# WHAT TO PRODUCE
With pictures left out, only the lines from the one containing "Portátil Gaming Acer" through the end of the records should be reproduced exactly, please.

Captioned web images:

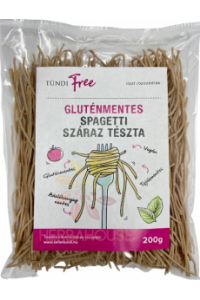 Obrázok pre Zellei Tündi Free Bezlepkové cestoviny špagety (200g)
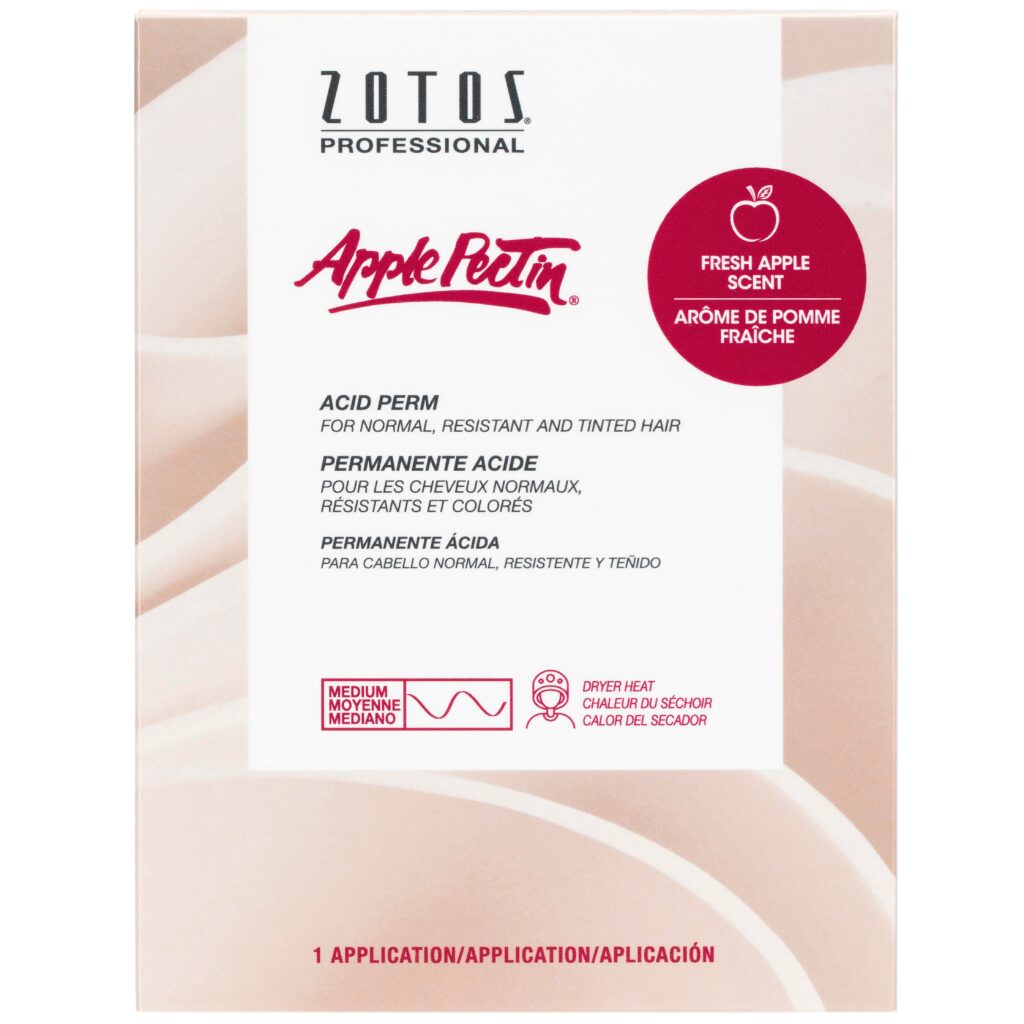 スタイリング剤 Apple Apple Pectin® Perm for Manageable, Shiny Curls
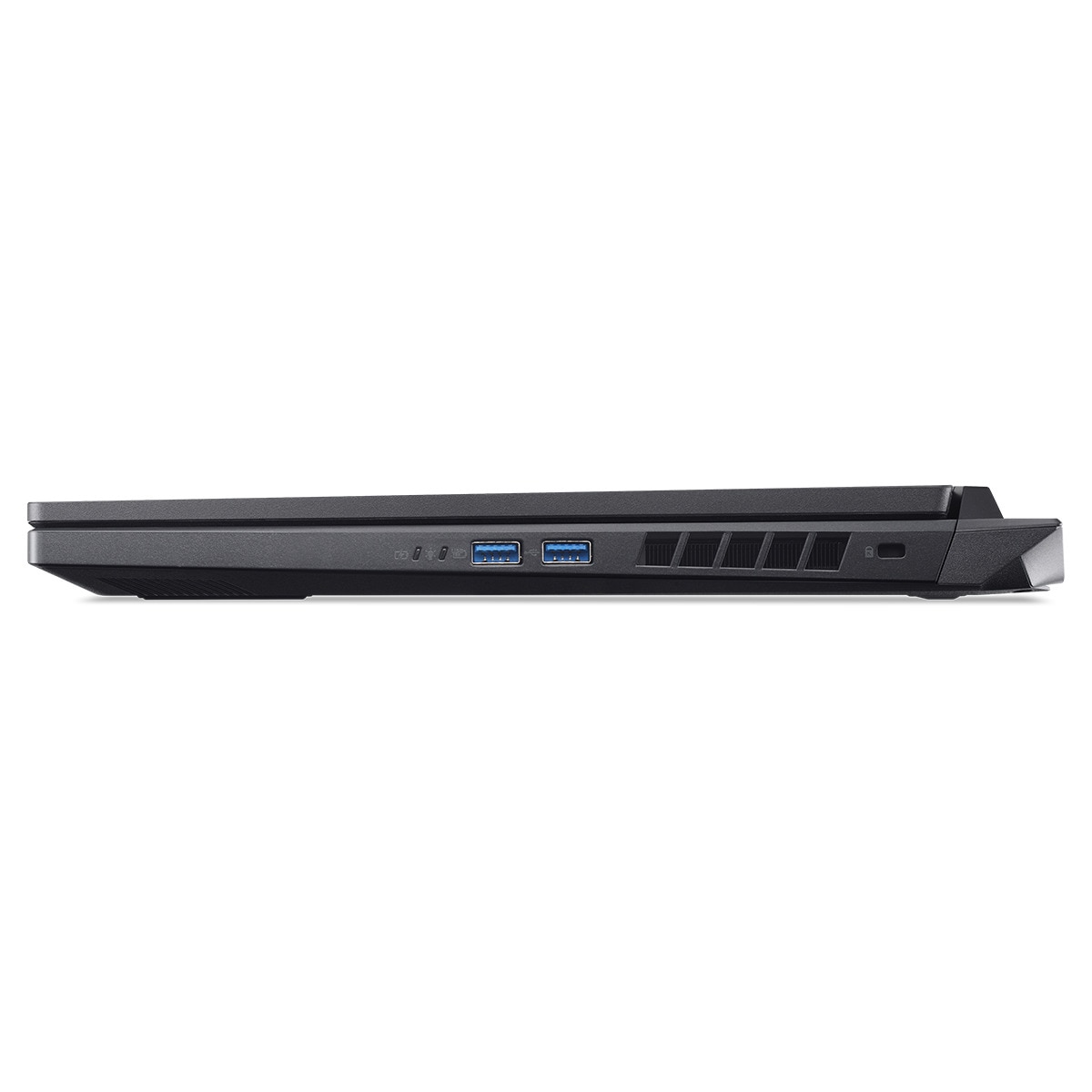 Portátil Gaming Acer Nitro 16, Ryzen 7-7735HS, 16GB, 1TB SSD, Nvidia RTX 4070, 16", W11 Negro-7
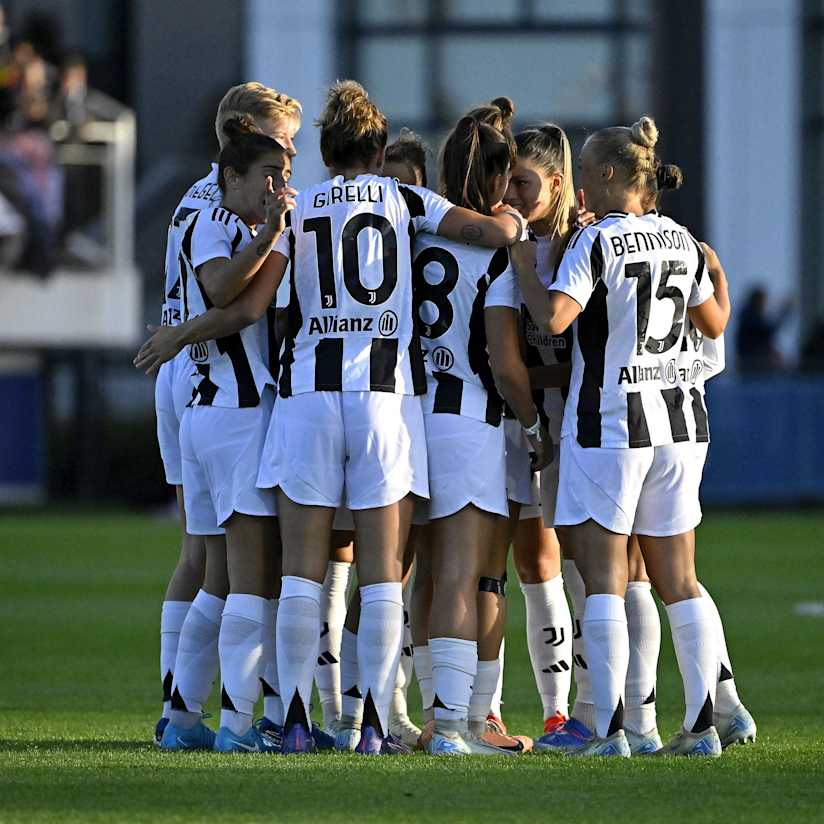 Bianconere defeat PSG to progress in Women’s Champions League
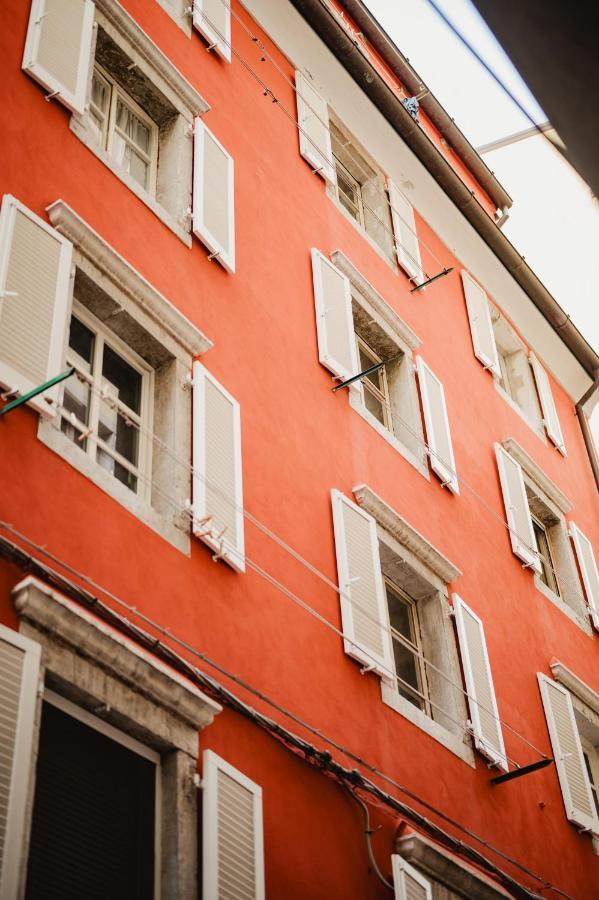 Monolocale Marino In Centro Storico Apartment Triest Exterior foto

# TASK RESPONSE
 Portátil Gaming Acer Nitro 16, Ryzen 7-7735HS, 16GB, 1TB SSD, Nvidia RTX 4070, 16", W11 Negro-7
 Bianconere defeat PSG to progress in Women’s Champions League
 Monolocale Marino In Centro Storico Apartment Triest Exterior foto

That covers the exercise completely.